181: I wasn't intending to reinforce any right-wing memes. Substitute 'policies with redistributive impact'. ("But doesn't that assume a prior distribution that is natural?" Ok, ok, you know what I mean: policies that typically be described by the media as 'government intervention in the economy', 'redistributive' or whatever.)
Certainly there are tipped restaurant workers who don't like higher minimum wage for various reasons, including the intrabusiness distribution aspects. But I think astroturf is a lot more likely than a spontaneous advocacy movement to this effect. The reporting on the Maine group isn't very detailed at all.
But I think democratic politics means coalitions with personally/morally repugnant people who you fundamentally disrespect, and harping on the morality of your political tribe's viewpoint accomplishes very little in terms of bringing marginal votes into your coalition.
To be sure. But the main thing is there aren't so many marginal voters. They are outnumbered (at least in the states that matter for the electoral college) by disaffected voters from the leftish end of the political spectrum.
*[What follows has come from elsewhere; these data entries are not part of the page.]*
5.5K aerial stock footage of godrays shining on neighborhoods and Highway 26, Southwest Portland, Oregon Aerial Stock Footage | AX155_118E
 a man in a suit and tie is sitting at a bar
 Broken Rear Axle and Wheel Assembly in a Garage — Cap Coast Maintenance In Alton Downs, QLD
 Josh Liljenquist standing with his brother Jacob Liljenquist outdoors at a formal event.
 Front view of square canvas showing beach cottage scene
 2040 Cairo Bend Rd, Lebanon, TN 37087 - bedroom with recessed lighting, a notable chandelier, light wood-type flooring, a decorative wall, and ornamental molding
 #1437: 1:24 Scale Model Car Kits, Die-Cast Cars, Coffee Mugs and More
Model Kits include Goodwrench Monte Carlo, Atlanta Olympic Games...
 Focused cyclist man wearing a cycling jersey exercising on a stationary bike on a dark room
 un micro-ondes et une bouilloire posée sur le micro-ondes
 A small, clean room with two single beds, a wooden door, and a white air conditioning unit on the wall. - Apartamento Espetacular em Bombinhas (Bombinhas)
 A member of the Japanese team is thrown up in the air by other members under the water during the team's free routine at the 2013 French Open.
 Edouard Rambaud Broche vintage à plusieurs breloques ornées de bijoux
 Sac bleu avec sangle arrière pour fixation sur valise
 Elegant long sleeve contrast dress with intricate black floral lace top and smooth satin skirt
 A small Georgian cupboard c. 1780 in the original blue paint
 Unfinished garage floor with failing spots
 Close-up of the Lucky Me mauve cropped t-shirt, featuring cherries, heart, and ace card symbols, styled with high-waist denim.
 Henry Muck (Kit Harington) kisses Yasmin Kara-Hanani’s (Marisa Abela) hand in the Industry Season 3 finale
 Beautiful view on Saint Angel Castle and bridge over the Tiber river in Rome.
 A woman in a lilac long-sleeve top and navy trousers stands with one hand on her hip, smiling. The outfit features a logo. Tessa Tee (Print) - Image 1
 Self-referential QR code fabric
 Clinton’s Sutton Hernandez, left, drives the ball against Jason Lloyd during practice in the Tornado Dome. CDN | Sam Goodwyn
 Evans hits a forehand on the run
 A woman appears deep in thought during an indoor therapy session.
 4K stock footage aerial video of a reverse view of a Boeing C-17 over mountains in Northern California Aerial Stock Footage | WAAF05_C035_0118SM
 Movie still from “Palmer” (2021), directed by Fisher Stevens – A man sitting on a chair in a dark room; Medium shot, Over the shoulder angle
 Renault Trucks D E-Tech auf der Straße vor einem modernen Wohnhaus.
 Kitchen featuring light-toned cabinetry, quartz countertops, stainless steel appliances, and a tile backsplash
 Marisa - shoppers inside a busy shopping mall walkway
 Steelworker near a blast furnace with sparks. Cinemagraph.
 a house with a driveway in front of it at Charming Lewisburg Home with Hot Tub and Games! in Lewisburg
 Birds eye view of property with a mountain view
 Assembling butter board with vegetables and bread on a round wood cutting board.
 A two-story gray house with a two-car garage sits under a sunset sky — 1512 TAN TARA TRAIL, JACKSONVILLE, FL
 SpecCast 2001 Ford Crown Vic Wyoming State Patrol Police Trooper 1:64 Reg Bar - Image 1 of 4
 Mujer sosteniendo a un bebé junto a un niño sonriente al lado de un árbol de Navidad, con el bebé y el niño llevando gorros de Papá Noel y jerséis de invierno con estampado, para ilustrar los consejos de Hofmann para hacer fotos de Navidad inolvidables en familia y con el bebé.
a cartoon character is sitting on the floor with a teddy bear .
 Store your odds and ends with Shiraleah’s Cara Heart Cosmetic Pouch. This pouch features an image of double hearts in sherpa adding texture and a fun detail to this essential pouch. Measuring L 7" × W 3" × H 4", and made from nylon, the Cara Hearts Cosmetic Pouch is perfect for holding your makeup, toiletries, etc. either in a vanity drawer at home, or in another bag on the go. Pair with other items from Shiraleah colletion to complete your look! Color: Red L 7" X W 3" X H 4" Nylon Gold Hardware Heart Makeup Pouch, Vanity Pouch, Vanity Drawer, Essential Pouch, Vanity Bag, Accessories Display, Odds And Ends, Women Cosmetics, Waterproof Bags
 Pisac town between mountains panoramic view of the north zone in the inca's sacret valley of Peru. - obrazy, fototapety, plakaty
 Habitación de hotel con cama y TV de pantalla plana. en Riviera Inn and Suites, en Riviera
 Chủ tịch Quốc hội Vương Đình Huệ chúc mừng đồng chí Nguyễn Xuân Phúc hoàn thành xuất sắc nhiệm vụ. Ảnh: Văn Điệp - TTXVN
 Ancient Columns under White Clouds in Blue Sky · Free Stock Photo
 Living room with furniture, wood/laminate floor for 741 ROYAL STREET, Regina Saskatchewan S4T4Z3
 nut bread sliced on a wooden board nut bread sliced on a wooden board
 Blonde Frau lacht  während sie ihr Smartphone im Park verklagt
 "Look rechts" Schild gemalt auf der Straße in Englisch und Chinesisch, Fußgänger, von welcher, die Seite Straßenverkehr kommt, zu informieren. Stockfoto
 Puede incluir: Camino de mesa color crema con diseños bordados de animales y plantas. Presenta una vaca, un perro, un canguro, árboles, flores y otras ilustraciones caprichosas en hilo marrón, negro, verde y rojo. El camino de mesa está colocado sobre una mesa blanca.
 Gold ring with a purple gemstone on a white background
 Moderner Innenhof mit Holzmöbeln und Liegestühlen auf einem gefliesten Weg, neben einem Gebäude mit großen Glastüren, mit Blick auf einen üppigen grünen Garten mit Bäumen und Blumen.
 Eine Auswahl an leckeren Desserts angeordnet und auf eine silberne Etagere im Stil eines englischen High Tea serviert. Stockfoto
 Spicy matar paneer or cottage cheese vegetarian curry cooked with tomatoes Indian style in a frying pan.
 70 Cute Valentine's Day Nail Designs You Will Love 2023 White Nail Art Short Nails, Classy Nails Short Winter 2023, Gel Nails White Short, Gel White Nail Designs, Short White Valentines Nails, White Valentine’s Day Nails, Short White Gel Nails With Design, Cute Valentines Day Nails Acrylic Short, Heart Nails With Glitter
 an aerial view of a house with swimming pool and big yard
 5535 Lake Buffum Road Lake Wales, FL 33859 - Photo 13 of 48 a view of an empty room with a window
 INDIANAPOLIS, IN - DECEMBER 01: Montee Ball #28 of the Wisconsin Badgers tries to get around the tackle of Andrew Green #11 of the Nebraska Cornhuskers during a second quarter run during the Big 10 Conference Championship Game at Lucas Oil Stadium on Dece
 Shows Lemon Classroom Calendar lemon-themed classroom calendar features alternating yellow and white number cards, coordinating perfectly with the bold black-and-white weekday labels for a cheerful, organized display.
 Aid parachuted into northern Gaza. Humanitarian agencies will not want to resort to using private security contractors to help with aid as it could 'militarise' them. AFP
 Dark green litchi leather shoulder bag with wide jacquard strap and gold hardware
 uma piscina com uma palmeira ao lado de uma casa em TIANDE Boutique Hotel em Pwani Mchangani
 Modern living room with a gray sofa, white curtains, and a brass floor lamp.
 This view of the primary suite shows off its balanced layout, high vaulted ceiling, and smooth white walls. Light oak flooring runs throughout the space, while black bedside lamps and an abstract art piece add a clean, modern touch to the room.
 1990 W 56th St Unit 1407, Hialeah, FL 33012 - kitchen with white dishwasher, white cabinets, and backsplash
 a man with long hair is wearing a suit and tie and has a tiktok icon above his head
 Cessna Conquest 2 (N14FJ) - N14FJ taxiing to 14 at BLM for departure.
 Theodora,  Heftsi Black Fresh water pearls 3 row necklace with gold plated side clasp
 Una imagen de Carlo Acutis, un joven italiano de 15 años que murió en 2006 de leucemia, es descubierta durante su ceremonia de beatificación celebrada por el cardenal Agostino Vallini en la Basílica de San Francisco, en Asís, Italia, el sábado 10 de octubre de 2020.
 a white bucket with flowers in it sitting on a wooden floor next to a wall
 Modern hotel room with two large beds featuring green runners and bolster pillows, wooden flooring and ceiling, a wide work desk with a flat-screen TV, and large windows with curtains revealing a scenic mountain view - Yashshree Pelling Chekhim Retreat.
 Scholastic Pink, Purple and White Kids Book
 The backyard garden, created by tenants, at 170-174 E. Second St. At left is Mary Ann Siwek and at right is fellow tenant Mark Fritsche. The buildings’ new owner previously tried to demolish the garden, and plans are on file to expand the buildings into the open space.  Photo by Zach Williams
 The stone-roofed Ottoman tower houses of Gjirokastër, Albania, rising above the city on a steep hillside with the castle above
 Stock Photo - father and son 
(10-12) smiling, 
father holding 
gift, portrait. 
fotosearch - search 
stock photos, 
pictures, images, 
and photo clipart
You can, if you aren't careful, make a coalition that actually makes you weaker. I think the way to get those marginal voters while still encouraging the discouraged voters to come back to voting is to block, with all available resources, the actions Trump is taking that are not popular. While I agree that harping on my own sides morality is unlikely to be helpful, I think harping on the other sides immorality is essential.
Also, I've been reading the editorials from the "conservatives" on the WP and other places. Reading their calls for moderation, common ground, and not telling each other to go fuck sausage grinders are several themes that make me want to kick holes in walls (implying that because both sides have problems both are equally to blame, suggesting that six assholes on a college campus hitting a racist are somehow a bigger threat to the constitution than a president in open defiance of it, etc.). This has not helped me find my calm. I recommend not reading them. I keep trying to quit.
This pretty much captures my thoughts on the matter.
I wonder, if Atrios hadn't stopped giving a shit what, six or eight years ago could he have become a real force?
I know so many people who only want to pay taxes for schools when they are of reproductive age. Pisses me off. This is in Massachusetts too.